Mr. REECE. Of course. On the question of procedure;
What is the relationship of the examiner, I mean, what relationship does he stand in? He is on employ of and named by the Commission. Who has brought the proceedings?
Mr. WOODEN. The Federal Trade Commission issued the complaint, according to the requirement of the statute when it had reason to believe that the law was being violated.
Mr. REECE. When the court names a Commissioner to hear a case to which you referred, he is sitting for the court. He has had nothing to do with instituting the proceeding; therefore, he is unprejudiced, so far as between the Government and the defendant, that is, as is the judge.
Does the examiner and any who stand in the intermediate position between the examiner and the Federal Trade Commission and on up to the Commission, occupy that same relationship to the defendant that the court occupies of completely an impartial body, so far as bringing and prosecuting the proceeding is concerned ?

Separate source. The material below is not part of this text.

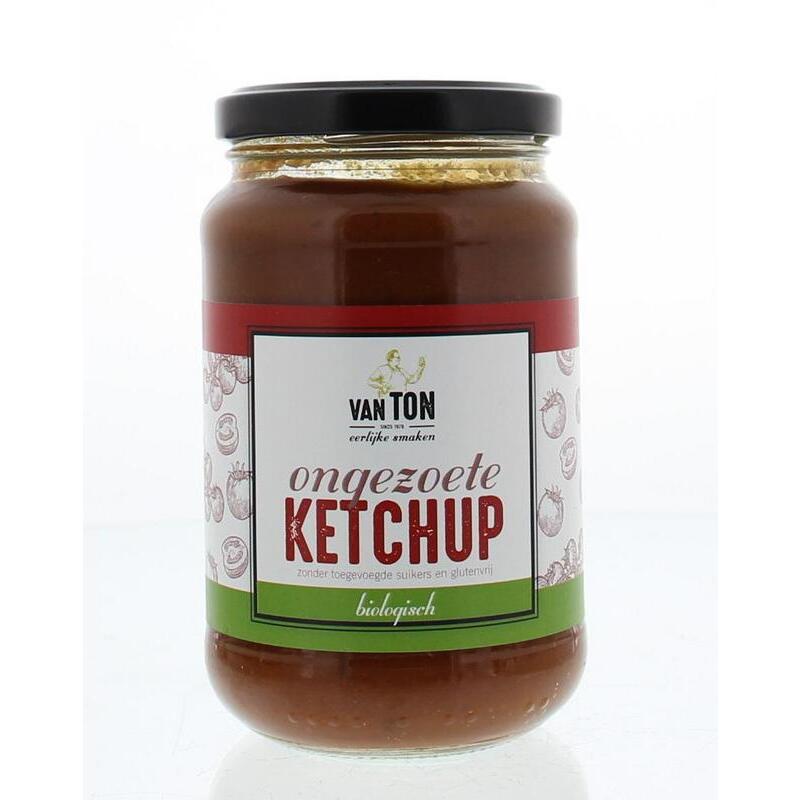 Van Ton Ketchup ongezoet bio 310g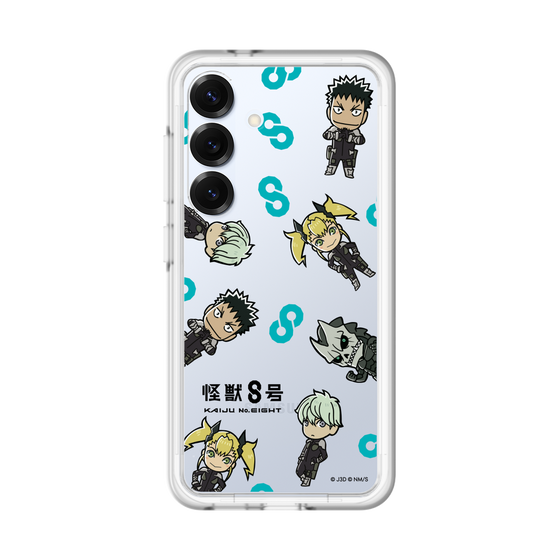 スリムプロテクションプレミアムケース［ 怪獣８号 - ミニキャラ - 総柄01 ］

Mr. WOODEN. Well, that goes into the philosophy of the statute under which the Federal Trade Commission was set up, and by reason of which it was given these commingled functions and made its duty under the statute to proceed on behalf of the public.

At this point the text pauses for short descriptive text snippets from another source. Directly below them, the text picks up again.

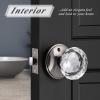 imageProbrico Crystal Door Knob Interior Keyless 1 Pack Diamond Crystal Door Knobs for HallwayCloset NonLocking Glass Door Knob with Brushed Nickel Round RosettesBrushed Nickel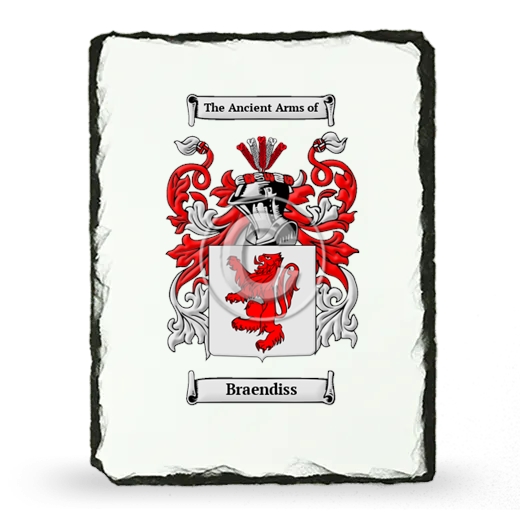 Braendiss Coat of Arms Slate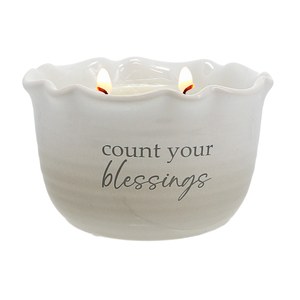 Blessings by Thoughts of Home - 11 oz - 100% Soy Wax Reveal Candle
Scent: Tranquility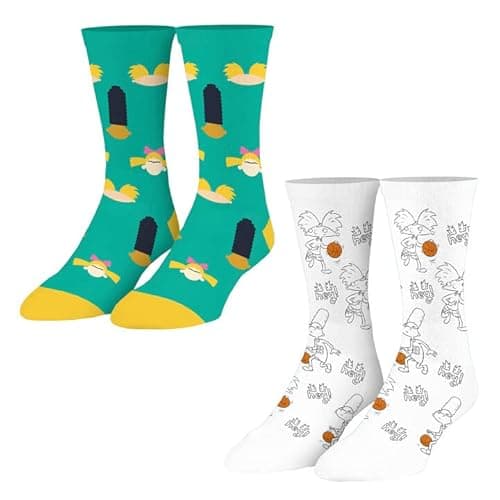 Hey Arnold Fun Crew Socks 2-Pack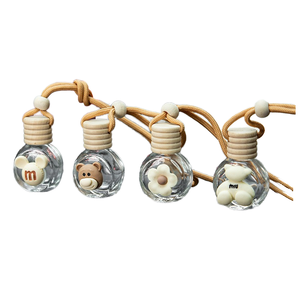 ขวดน้ำหอมน้ำหอมปรับอากาศในรถยนต์ขวดน้ำหอมแบบแก้วใส่รถได้แบบเติมได้ - Product Image 1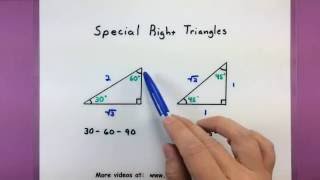 Trigonometry  Special triangles [upl. by Ahseiyt789]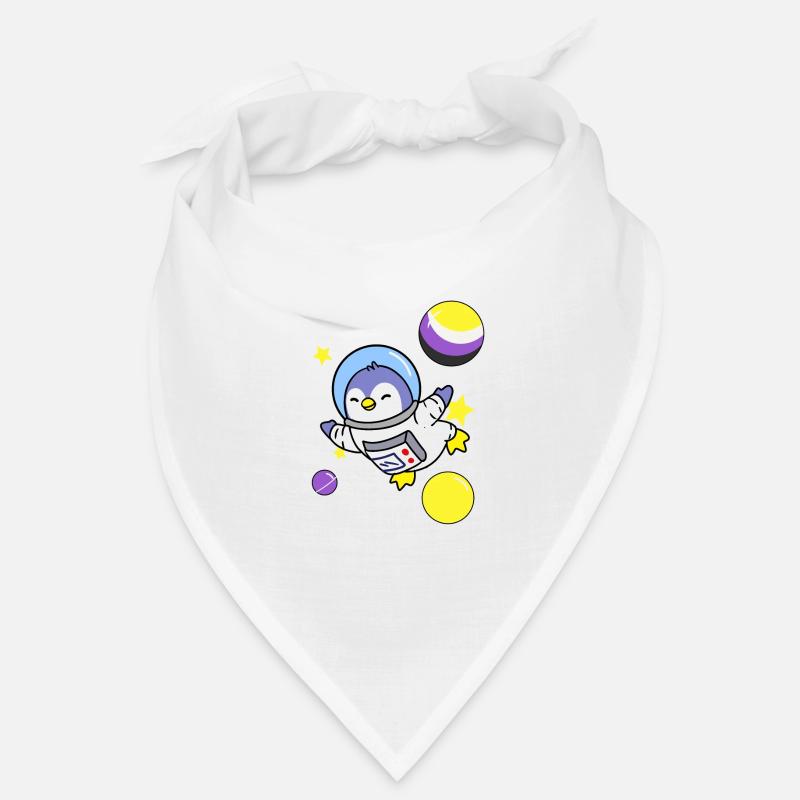 Nonbinary penguin in space Nonbinary Pride Bandana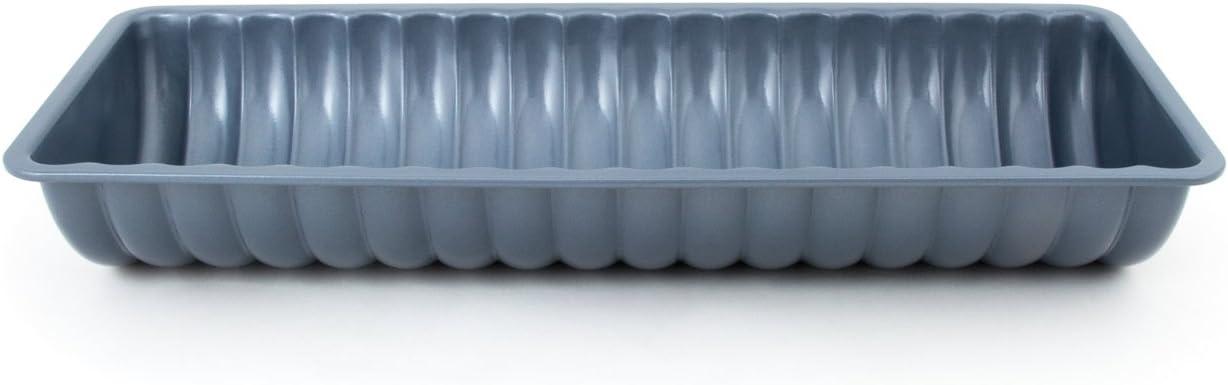 Fox Run Non-Stick Carbon Steel Rehrucken/Almond Cake Loaf Pan, 4.75" x 12.25" x 2"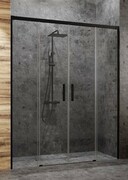 Radaway Idea Black Dwd drzwi wnękowe 190cm czarny mat/szkło przejrzyste 387129-54-01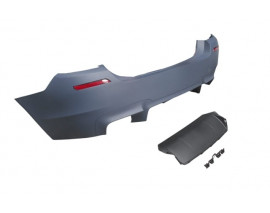 BMW 5 SERI- F10- 10/16; ARKA TAMPON KOMPLE ASTARLI (ÇİFT EGZ.DELİKLİ/KARLIKLI/REFLEKTÖRLÜ) M5 LCI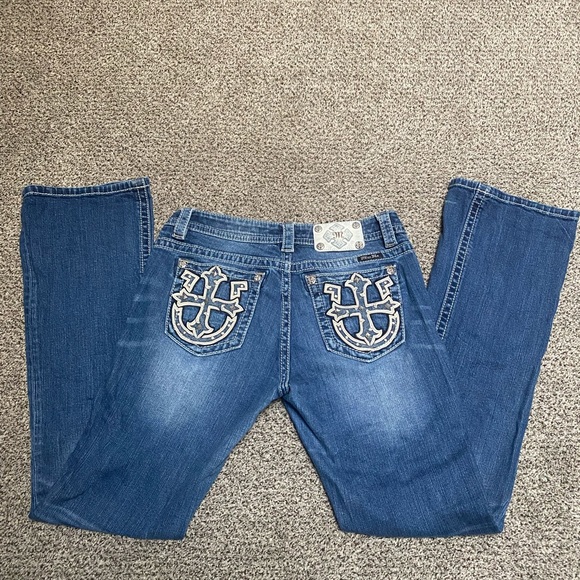 Miss Me jeans. Boot cut size 30 inseam 34 - Picture 6 of 7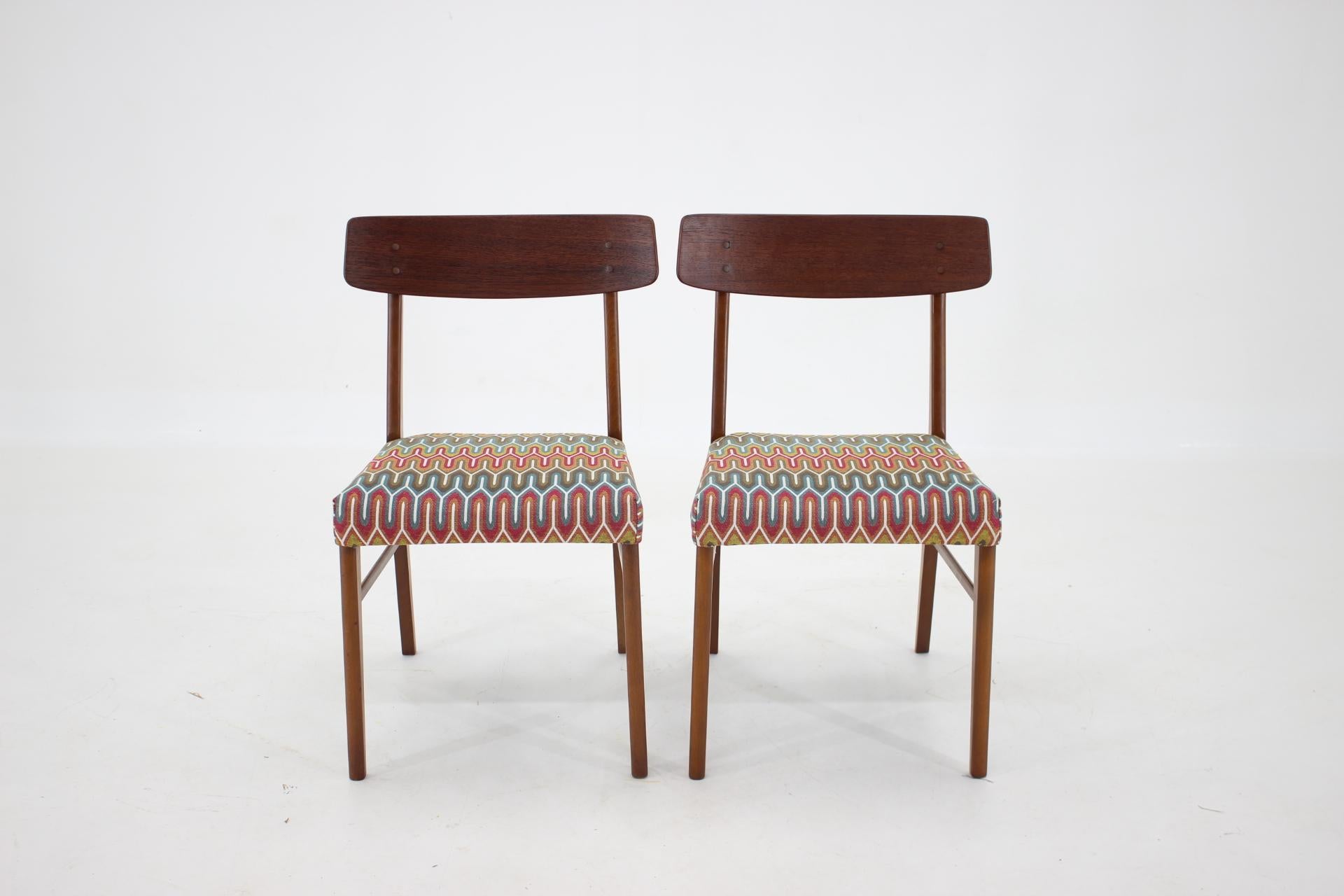Mid-20th Century 1960s Danish Teak Dining Chairs, Set of 4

If you want to say that possibly an agency so constituted may not act in the public interest as a court does, why, the quarrel is with the philosophy underlying the statute. That is all there is to it.

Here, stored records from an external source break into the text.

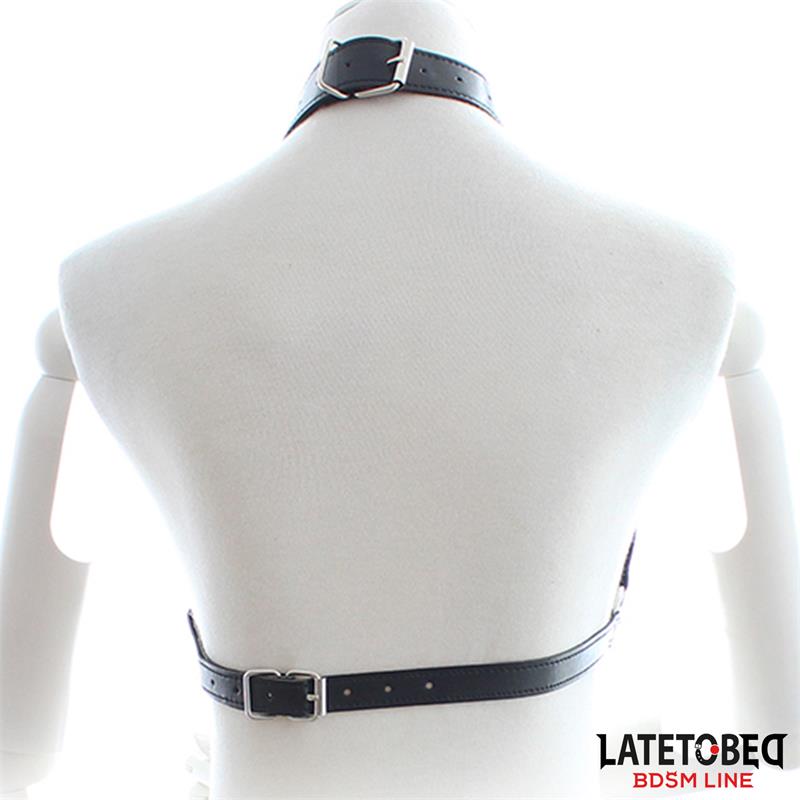 Bondage Harness with Open Cups and Chains Bondage Harness with Open Cups and Chains - Image 5
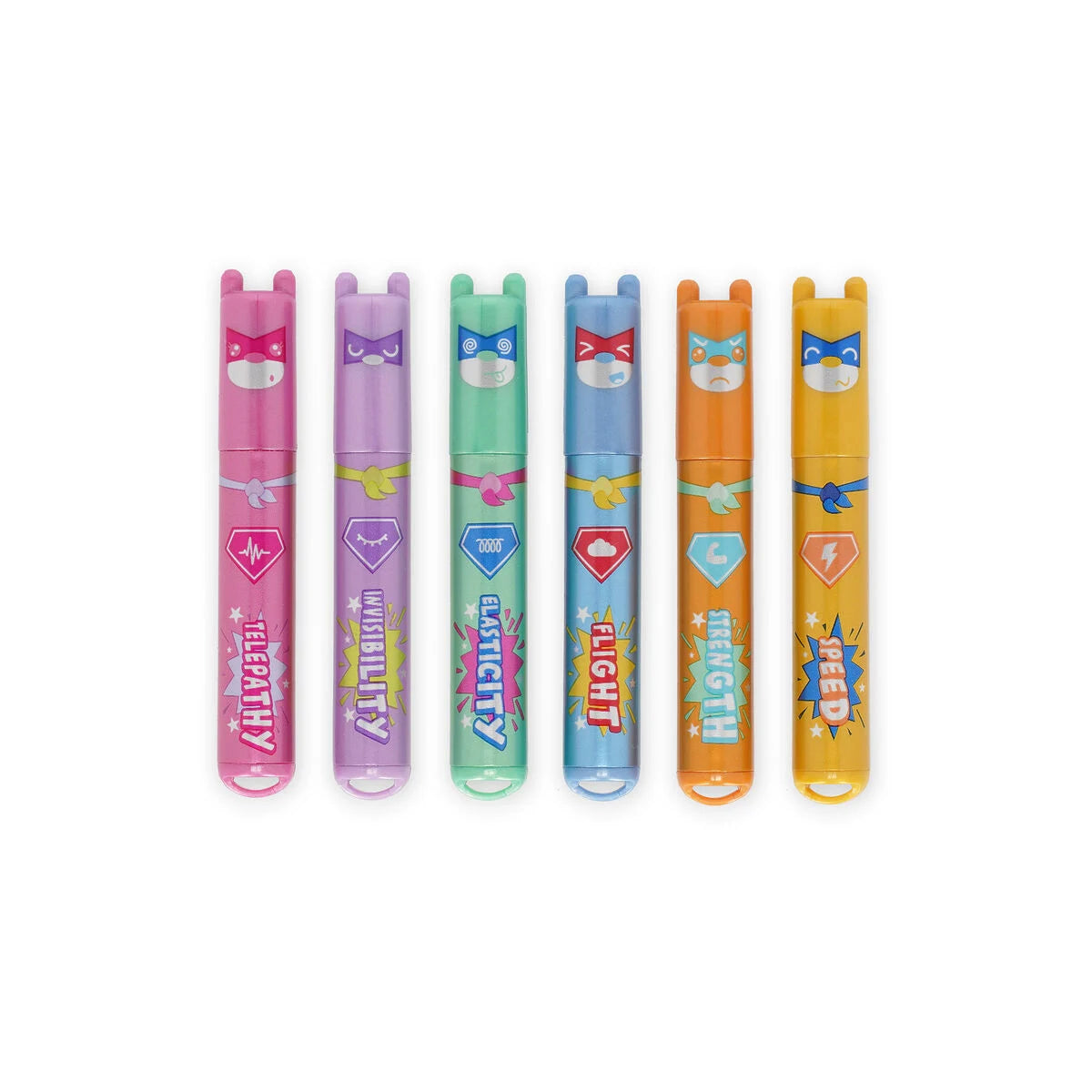 Legami Teddy’s Superpower Six Mini Highlighters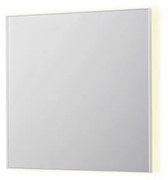 INK SP32 spiegel - 80x4x80cm rechthoek in stalen kader incl indir LED - verwarming - color changing - dimbaar en schakelaar - mat wit 8410041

Mr. REECE. Speaking for myself alone, I certainly do not have that view about it, that is, about that agency or other agencies of the Government, for that matter. I only assume that they are acting in the interest of the public.
Mr. WOODEN. It is somewhat analogous to the practice of courts that sometimes issue an order to show cause.
Mr. REECE. You are a reasonable man: if you were engaged in business, and being in business you are still a reasonable man,
I presume you would be, and the Federal Trade Commission should feel that you had transgressed the law and its regulations and would institute a proceeding against you, and then the appropriate agencies of the Commission should, after formulating the complaint, cite you for hearing and trial, would you feel that it stood exactly, or that you stood in the same unprejudiced position before it, that you would if the complaint had been instituted by some other civil authority and you were cited before a court to have a trial and adjudicate the differences of opinion? Of course, there would be differences of opinion, otherwise you would not be engaging in the practice.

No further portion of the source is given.